**HOW TO COMPLETE THIS TASK:** Leaving out the pictures, write the following records exactly as they read.

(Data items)

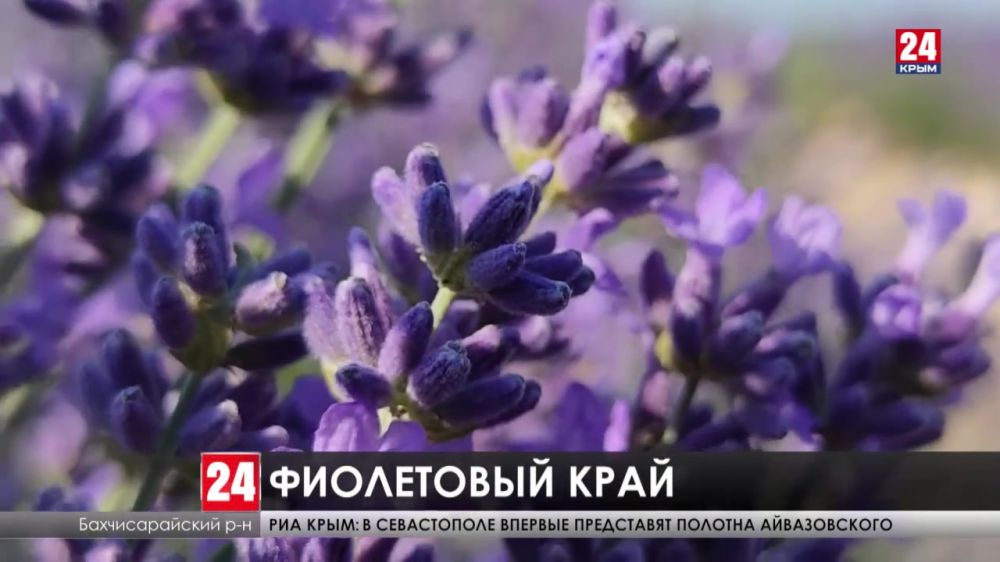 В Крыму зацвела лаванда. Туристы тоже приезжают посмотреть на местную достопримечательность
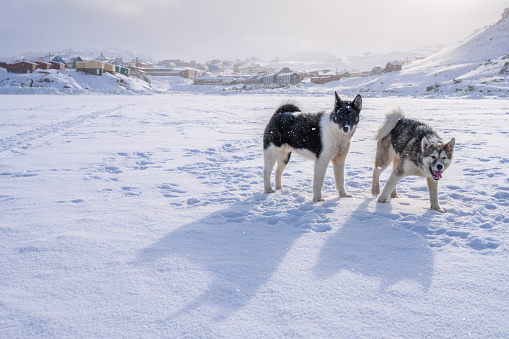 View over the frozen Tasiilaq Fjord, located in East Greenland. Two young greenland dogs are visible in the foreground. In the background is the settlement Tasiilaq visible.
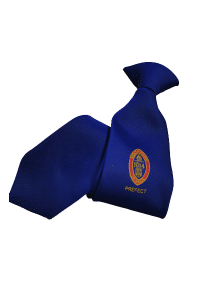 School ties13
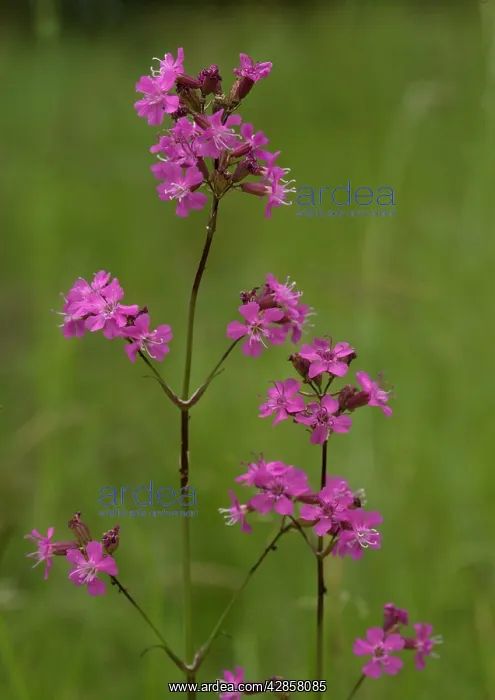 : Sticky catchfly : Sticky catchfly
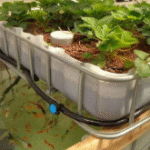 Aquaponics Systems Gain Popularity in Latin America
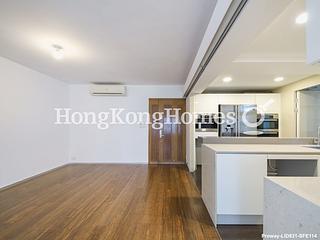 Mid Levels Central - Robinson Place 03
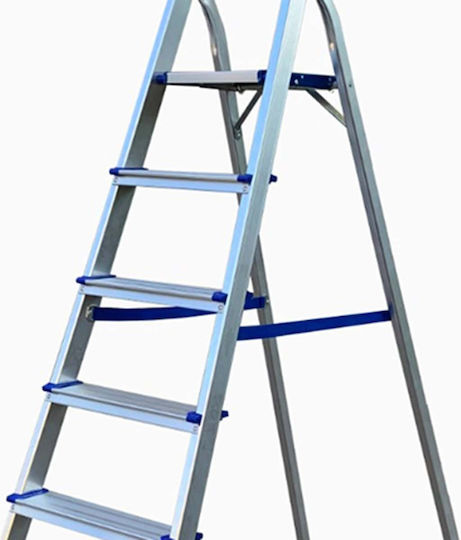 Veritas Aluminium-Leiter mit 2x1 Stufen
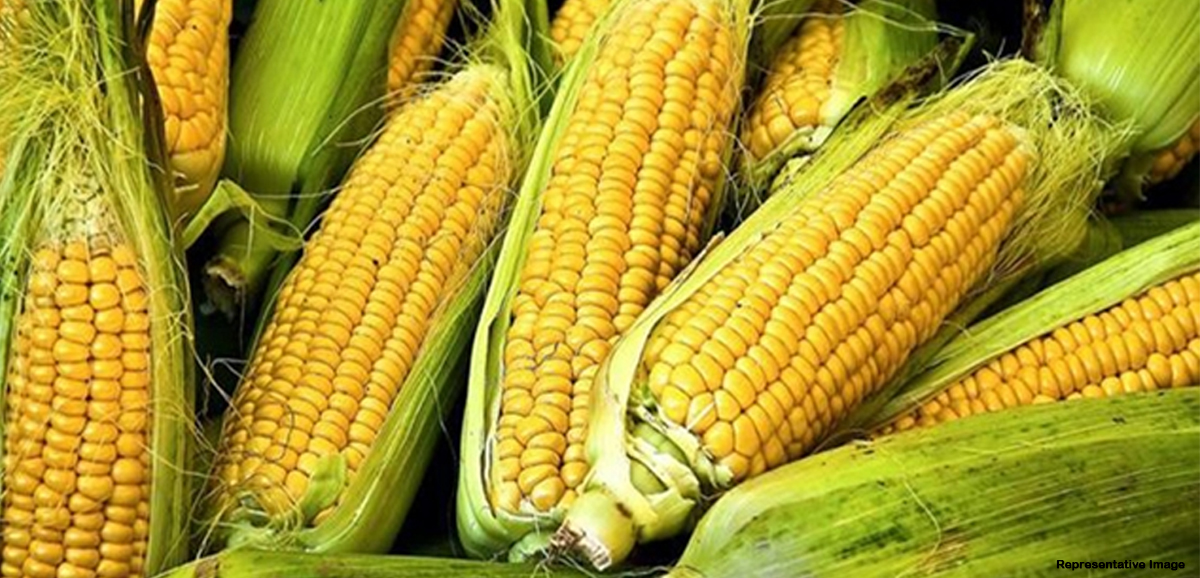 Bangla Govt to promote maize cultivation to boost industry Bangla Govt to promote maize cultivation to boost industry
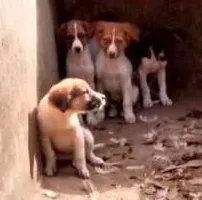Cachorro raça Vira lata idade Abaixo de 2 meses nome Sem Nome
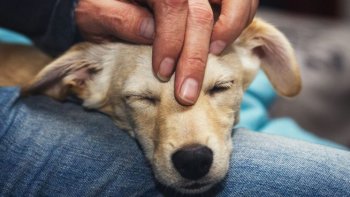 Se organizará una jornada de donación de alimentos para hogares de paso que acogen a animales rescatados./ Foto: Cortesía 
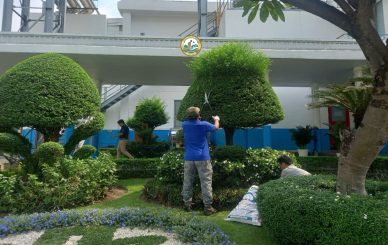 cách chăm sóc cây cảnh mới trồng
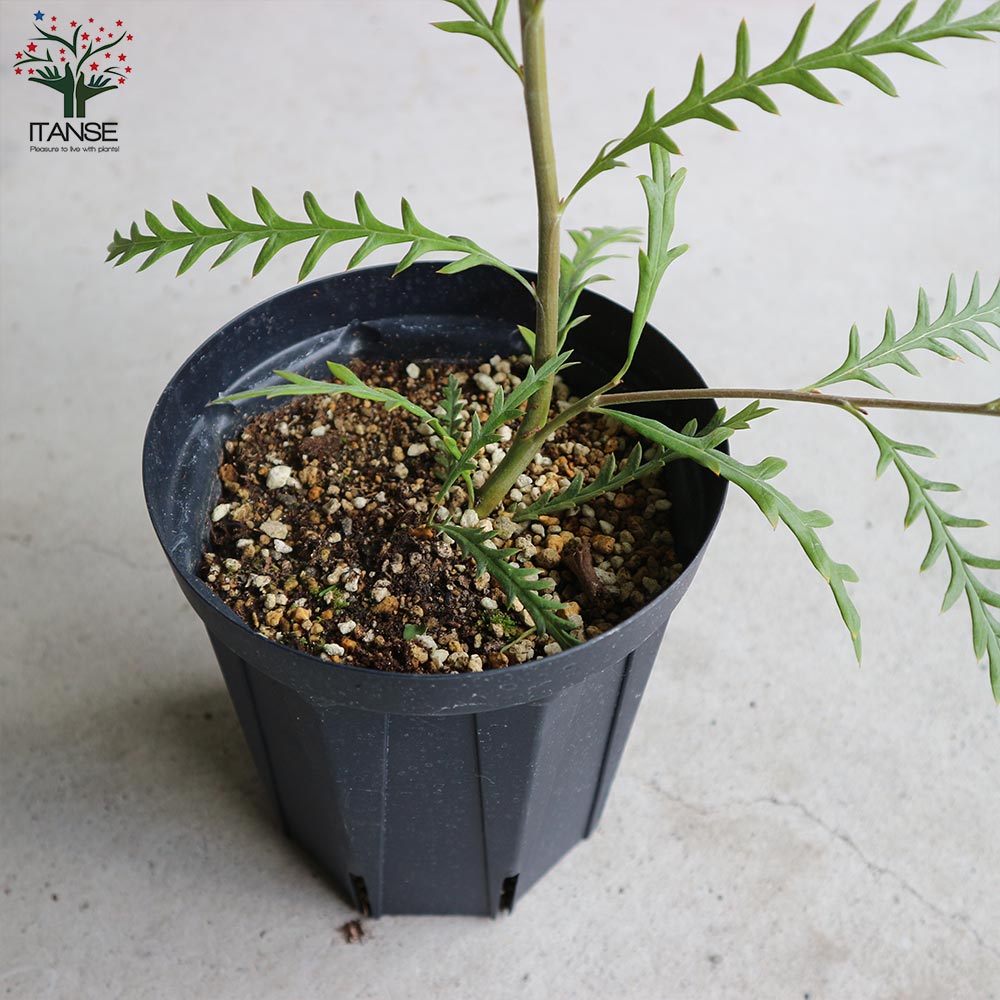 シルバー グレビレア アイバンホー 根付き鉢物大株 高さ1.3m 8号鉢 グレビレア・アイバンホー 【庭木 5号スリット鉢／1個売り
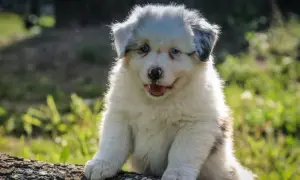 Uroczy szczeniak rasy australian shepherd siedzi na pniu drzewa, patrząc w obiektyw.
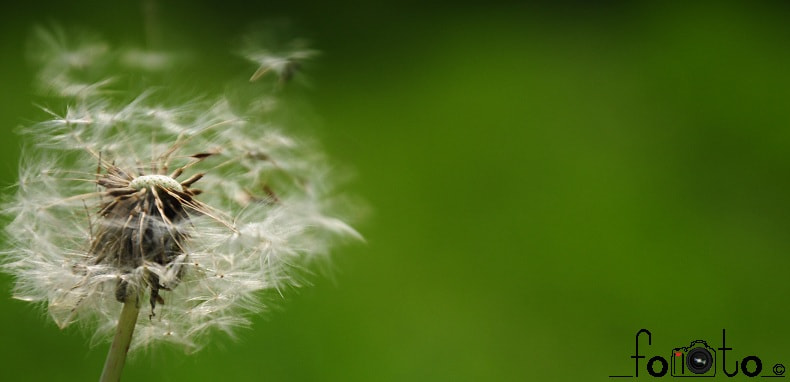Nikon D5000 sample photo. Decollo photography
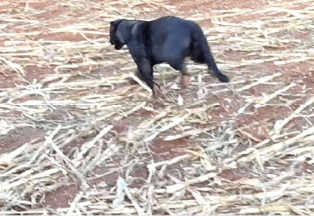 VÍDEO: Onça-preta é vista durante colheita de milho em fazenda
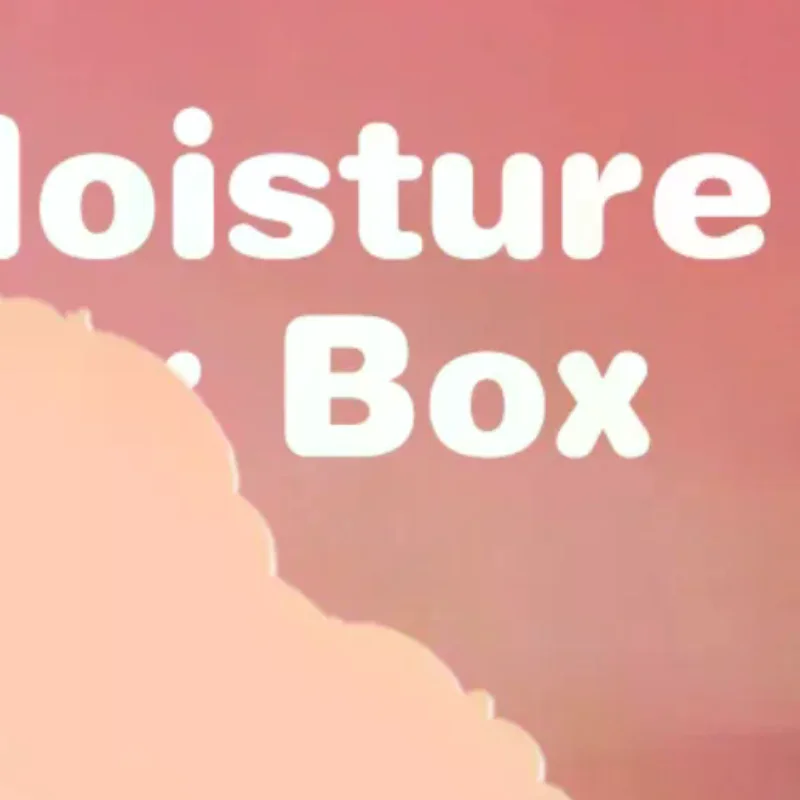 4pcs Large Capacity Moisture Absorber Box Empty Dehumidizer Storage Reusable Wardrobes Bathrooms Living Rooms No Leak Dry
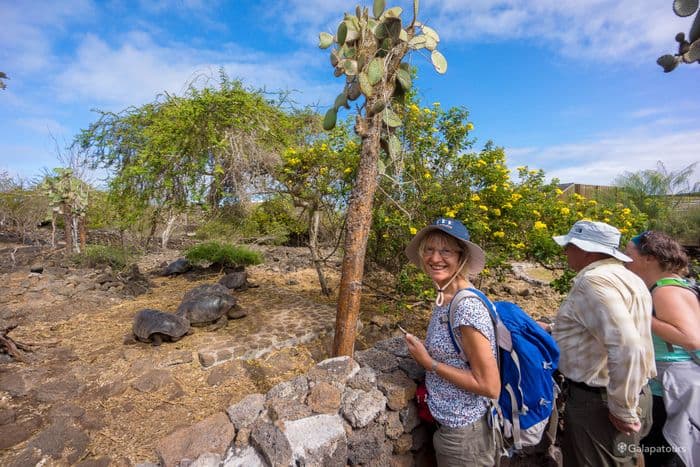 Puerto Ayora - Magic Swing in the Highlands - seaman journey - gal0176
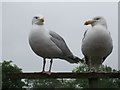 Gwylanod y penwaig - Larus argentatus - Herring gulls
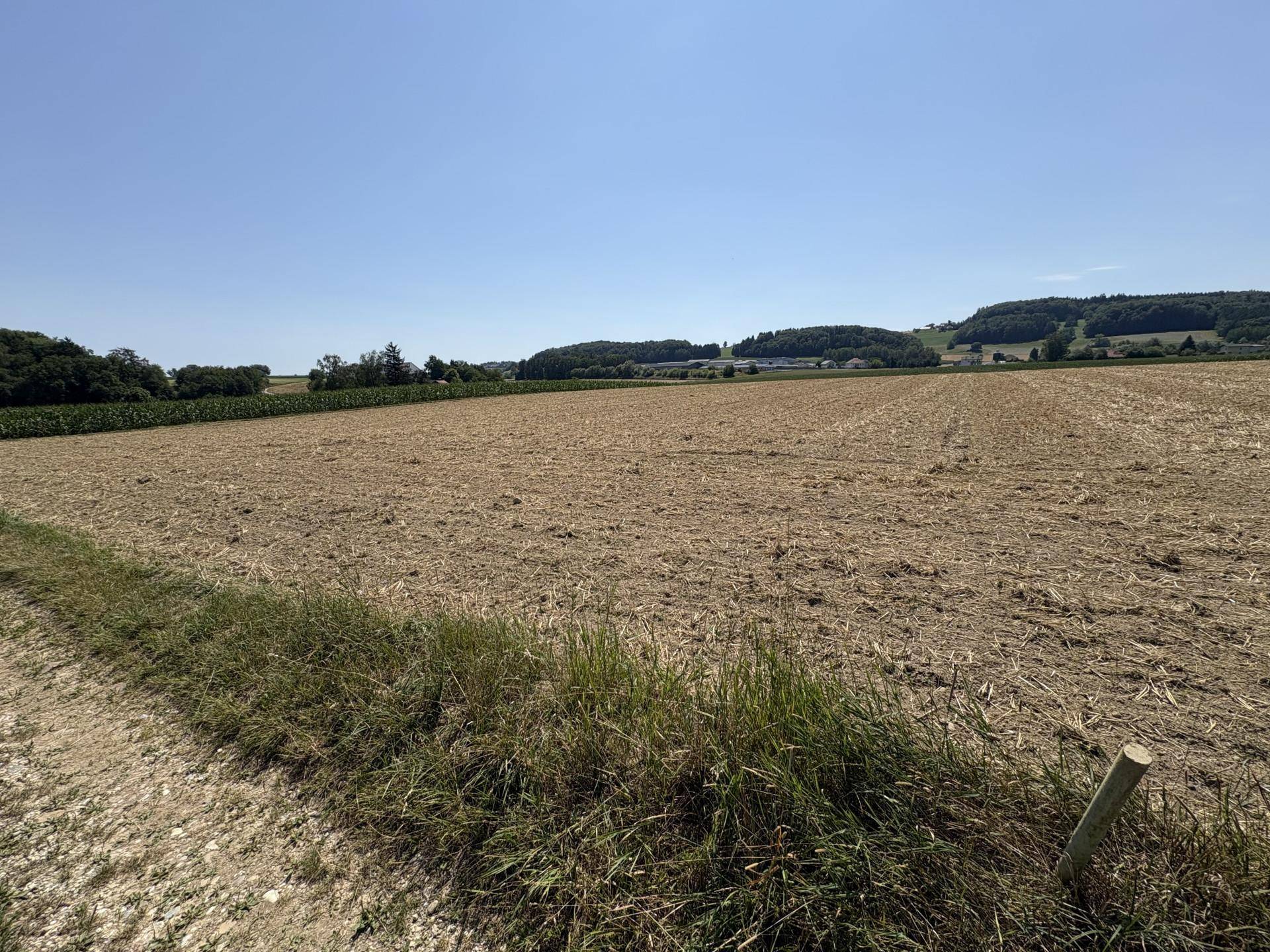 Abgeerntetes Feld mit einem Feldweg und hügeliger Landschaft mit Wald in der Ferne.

**REPLY:**
 В Крыму зацвела лаванда. Туристы тоже приезжают посмотреть на местную достопримечательность
 View over the frozen Tasiilaq Fjord, located in East Greenland. Two young greenland dogs are visible in the foreground. In the background is the settlement Tasiilaq visible.
 School ties13
 : Sticky catchfly : Sticky catchfly
 Aquaponics Systems Gain Popularity in Latin America
 Mid Levels Central - Robinson Place 03
 Veritas Aluminium-Leiter mit 2x1 Stufen
 Bangla Govt to promote maize cultivation to boost industry Bangla Govt to promote maize cultivation to boost industry
Cachorro raça Vira lata idade Abaixo de 2 meses nome Sem Nome
 Se organizará una jornada de donación de alimentos para hogares de paso que acogen a animales rescatados./ Foto: Cortesía 
 cách chăm sóc cây cảnh mới trồng
 シルバー グレビレア アイバンホー 根付き鉢物大株 高さ1.3m 8号鉢 グレビレア・アイバンホー 【庭木 5号スリット鉢／1個売り
 Uroczy szczeniak rasy australian shepherd siedzi na pniu drzewa, patrząc w obiektyw.
Nikon D5000 sample photo. Decollo photography
 VÍDEO: Onça-preta é vista durante colheita de milho em fazenda
 4pcs Large Capacity Moisture Absorber Box Empty Dehumidizer Storage Reusable Wardrobes Bathrooms Living Rooms No Leak Dry
 Puerto Ayora - Magic Swing in the Highlands - seaman journey - gal0176
 Gwylanod y penwaig - Larus argentatus - Herring gulls
 Abgeerntetes Feld mit einem Feldweg und hügeliger Landschaft mit Wald in der Ferne.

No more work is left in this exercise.